Doch dann werden auch ein Artdirector und ein adeliger Dandy in München und ein Physiker in Coburg mittels Metalldraht ermordet -- zu einer Zeit, als Danner bereits rund um die Uhr beschattet wird. Mona steht also wieder am Anfang: Vier Tote und kein erkennbares Motiv. Der einzige gemeinsame Nenner der drei Opfer ist, dass sie alle Schüler eines Nobelinternats am Tegernsee waren. Die Schule, an der Danner Französisch unterrichtet. Dort stößt Mona erst auf eine Wand des Schweigens, dann aber auf eine heiße Spur: Die Mordopfer waren alles andere als Musterknaben.

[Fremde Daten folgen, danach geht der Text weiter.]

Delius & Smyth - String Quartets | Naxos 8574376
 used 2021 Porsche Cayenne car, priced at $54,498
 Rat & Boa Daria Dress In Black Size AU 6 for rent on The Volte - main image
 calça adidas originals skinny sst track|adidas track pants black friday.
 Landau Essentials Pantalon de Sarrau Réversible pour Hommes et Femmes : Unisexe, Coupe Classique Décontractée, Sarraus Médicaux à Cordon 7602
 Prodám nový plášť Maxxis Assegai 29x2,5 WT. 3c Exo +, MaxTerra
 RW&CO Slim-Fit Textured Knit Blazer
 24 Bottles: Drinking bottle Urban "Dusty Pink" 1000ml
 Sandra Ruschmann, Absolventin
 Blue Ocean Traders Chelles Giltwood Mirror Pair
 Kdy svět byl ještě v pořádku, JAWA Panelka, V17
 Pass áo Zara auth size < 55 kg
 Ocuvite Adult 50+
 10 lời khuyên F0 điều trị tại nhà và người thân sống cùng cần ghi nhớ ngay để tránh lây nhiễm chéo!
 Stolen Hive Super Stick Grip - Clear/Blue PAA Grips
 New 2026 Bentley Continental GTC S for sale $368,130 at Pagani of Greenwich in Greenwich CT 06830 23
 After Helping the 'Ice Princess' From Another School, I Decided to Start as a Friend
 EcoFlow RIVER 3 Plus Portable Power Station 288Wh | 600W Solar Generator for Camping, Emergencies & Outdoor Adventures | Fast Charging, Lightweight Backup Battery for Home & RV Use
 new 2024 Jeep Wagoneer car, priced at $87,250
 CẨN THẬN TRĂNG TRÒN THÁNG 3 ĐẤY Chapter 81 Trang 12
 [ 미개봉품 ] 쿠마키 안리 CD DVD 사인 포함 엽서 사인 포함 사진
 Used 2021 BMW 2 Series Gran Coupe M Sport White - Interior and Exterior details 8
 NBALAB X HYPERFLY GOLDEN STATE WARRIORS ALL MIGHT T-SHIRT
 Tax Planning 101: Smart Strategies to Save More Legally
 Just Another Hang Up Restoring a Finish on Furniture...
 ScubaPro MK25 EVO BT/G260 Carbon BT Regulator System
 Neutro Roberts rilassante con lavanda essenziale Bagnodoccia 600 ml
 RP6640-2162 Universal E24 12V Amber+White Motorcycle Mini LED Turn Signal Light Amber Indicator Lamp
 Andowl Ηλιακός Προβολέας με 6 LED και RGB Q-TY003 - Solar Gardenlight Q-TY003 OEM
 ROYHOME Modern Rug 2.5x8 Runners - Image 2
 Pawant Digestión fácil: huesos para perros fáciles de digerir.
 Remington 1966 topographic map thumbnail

Autorin Christa von Bernuth hat dazugelernt: Während ihr erster Krimi, Die Frau, die ihr Gewissen verlor noch zerfasert, langatmig und ungelenk wirkte, hat ihr zweiter Versuch, Die Stimmen eine intelligente Story, die stringent, spannend und mit dem Charme eines Münchner "Tatort" erzählt wird. Plastisch beschreibt Ex-Internatsschülerin von Bernuth die klaustrophobische Enge, das sozial vergiftete Klima eines Internats fern jeder Hanni-und-Nanni-Romantik, geschickt lenkt sie den Leser bis zum Schluss auf falsche Spuren. Das überschwengliche Fazit "ein Psychothriller in bester englischer Tradition", mit dem der Verlag auf dem Umschlag wirbt, hat die Autorin zwar nicht verdient, aber was nicht ist, kann ja bei Versuch drei noch werden. --Beate Strobel

Pressestimmen

»Ein intelligenter Psycho-Krimi - flott geschnitten und mit vielen Erzählperspektiven.« (Abendzeitung)

»Christa von Bernuth kennt sich bestens aus ... Ein intelligenter Beziehungs-Thriller.« (Brigitte)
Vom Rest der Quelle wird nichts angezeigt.